Maimonides teaches that G-d doesn’t predetermine who will be righteous or wicked, rather each person has the freedom to choose between good and evil. His reasoning is that were G-d to preordain human conduct it would be unfair to reward goodness and punish evil.

The obvious question is, if so, why were the Egyptians punished? It was by Divine design that the Jews were enslaved! Maimonides explains that G-d had only decreed that the Egyptian nation as a collective would enslave the Jews, but the individual Egyptian had the choice not to be a part of it. However, notes Raavad , if each individual would have personally chosen against slavery, G-d’s edict wouldn’t have been carried out! Therefore, some Egyptians were required to enslave the Jews, so why are they being punished?

Driving Raavad’s question home, the Rebbe adds  even if the individuals would have been able to resist the decree, Pharaoh himself certainly couldn’t! If Pharaoh wouldn’t approve of it, the enslavement of the Jews could not have taken place. Why is Pharaoh being punished?

C. Subject to Change

The Rebbe cites another passage of Maimonides, explaining how to weed out false prophets. If a prophecy for good isn’t fulfilled, the person is a false prophet. But if a prophecy for bad things to come isn’t fulfilled, that doesn’t prove the person  is a false prophet, for negative prophecies are subject to change (Source 6). 

Maimonides supports this with a story from the Torah: Jeremiah prophesied that the Jewish people will soon be under Babylonian rule and Chananiah prophesied the opposite—G-d will upend the Babylonian rule. Jeremiah told Chananiah that if his prophecy of future good does not come to fruition, he will be deemed a false prophet, however if his own prophecy of doom doesn’t materialize, it proves nothing, for G-d can always “change his mind” when it comes to harsh decrees (Source 7).

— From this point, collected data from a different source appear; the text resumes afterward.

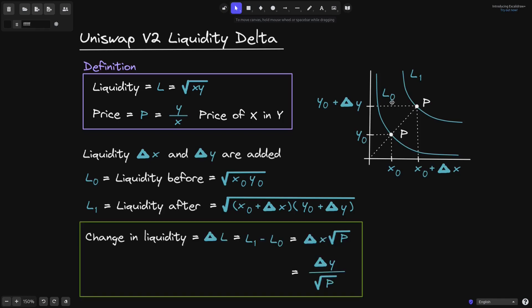When we increase liquidity from L0 to L1, what is the liquidity delta? The liquidity delta is given by this formula. Liquidity delta is equal to L1 minus L0, and this will be equal to the change in token X — the amount of token X that we add — times the square root of the price. Also, this will be equal to delta Y, the amount of token Y that we added, over the square root of price P. For the rest of the video, I'll explain how to derive these equations.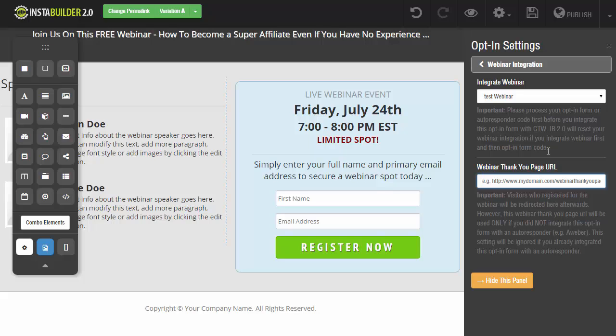And now when someone comes to this webinar page and they register, they're going to be registering for my test webinar that I have scheduled to go. And that's just how simple it is to link InstaBuilder 2.0 with your GoToWebinar account and to create your webinar pages.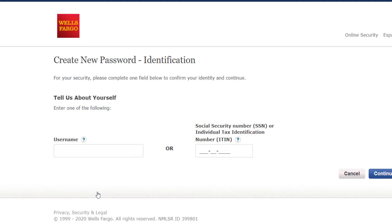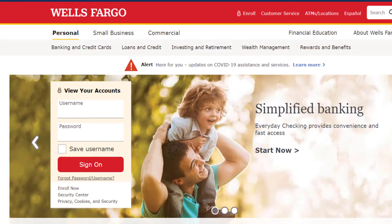And once you've done that, you can successfully reset your password and create a new one for your Wells Fargo online account. That is it for this video. Hope this video was helpful to you guys, and if it was, please make sure to like this video and subscribe to our channel. Thanks a lot.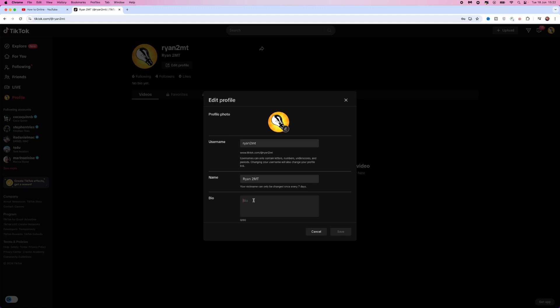So, for example, if I want to enter my YouTube channel into this box, just copy the link to my channel, and then I can control and V and paste this in to this box right here.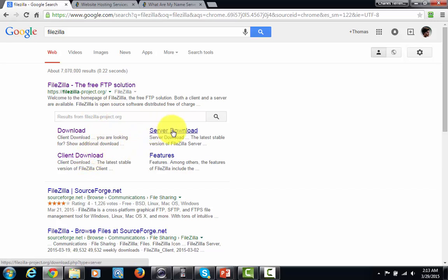So there's also a server download, but you want to download the client copy, and then you're going to have a program on your hard drive.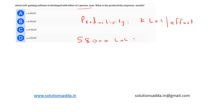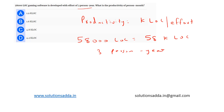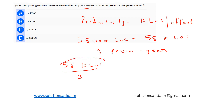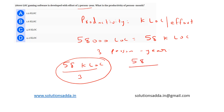It is given that three persons per year worked on this. We are asked for one person per month, so 58 kilo lines of code for one person can be calculated by dividing by three. Then to calculate it per month, we use 58 divided by 3, divided by 12.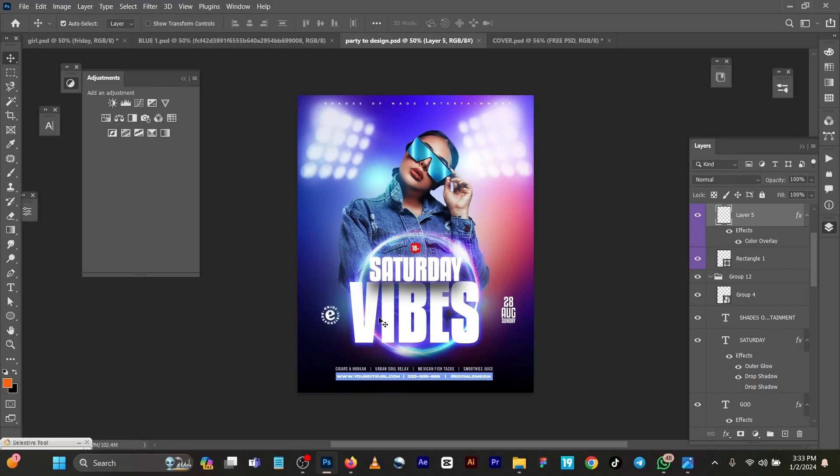Hello family, welcome back to my channel, this is Shades of Maddy. So today I'll be designing something almost the same as what I've been doing before - party flyers. This one will be a very quick tutorial, straight to the point like I always do.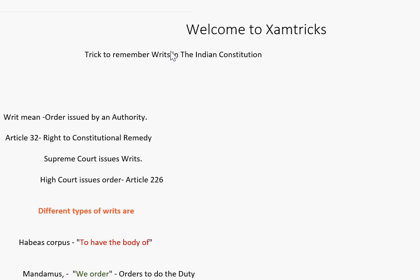Hello friends, welcome to exam tricks. Today we are going to learn a trick to remember writs in the Indian constitution. But before that, let's understand the meaning of the writs.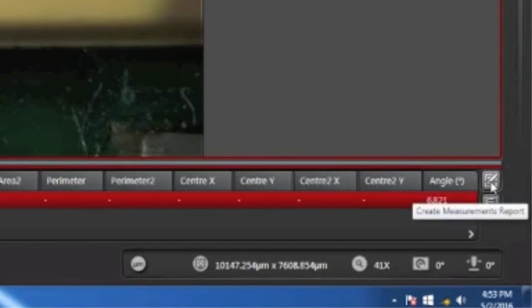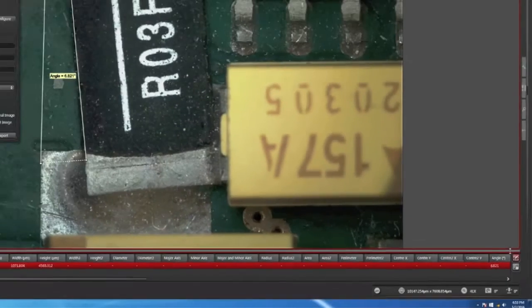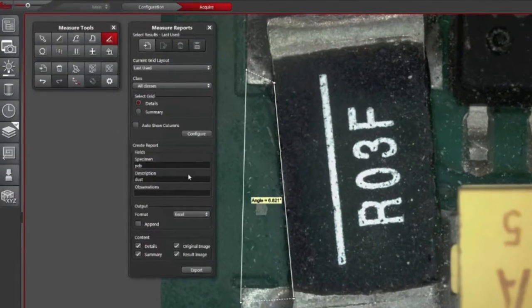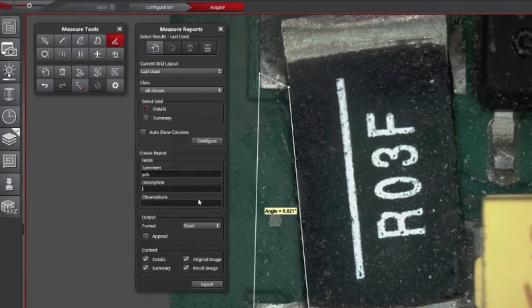If we press that button for measurement export, we get another panel here where we can enter a description, a specimen, and observations, such as the angle.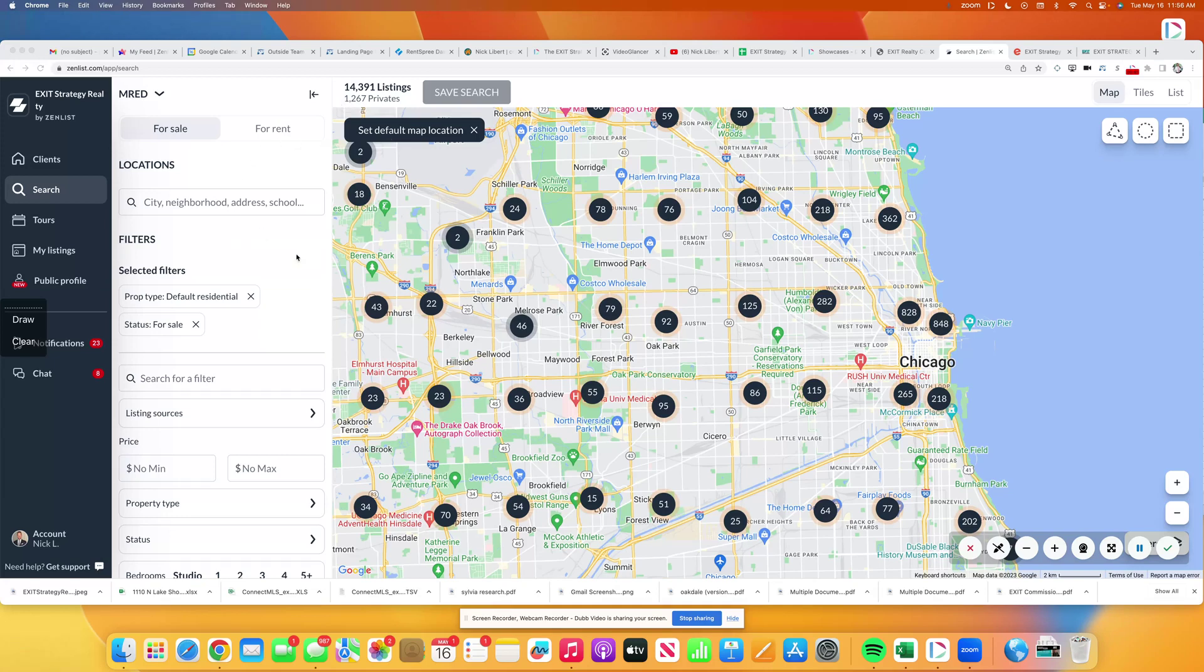That is preview listings coming soon, private listing network listings, things that are not yet on the open market and not on the portals, but they are available to see and potentially buy ahead of the rest of the market.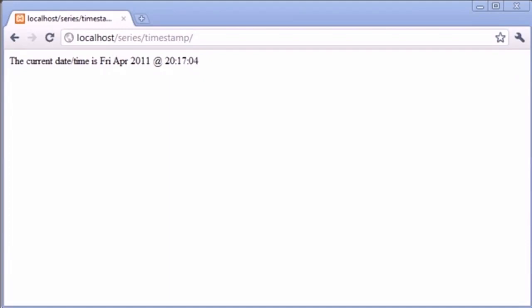Hi, this is Alex from phpacademy.org and this is a second video for the New Boston on timestamps. When we want to display a date we can display the current date — we've already established how to do that. But what if I wanted to display a date that was a couple of days ago, or a week ahead? In fact, when you're storing data, for example dates in databases, it's always recommended to store them as a timestamp, making it available to process that date in many different ways.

With this in mind, the Rebbe explains why Pharaoh and the Egyptians were punished: Although enslaving the Jews was a Divine decree, G-d could have recanted, thus, the decree did not obligate Pharaoh. If he would have refrained from carrying it out, G-d might have changed His mind.

Indeed, a Roman general once refused to take part in the destruction of Jerusalem and ran off and converted (Source 8). Moses also refused to be a part of G-d’s plans to destroy the Jewish people, telling G-d to “erase” him from the Torah, and ultimately persuading G-d to forgive His people.

In addition to the idea of free choice, there is another powerful lesson for us all: Never give up. Even if G-d has decreed, He can still change His mind. This is also seen in a story with King Chizkiyahu, where though G-d had decided to punish him, it still was not too late (Sources 9 and 10).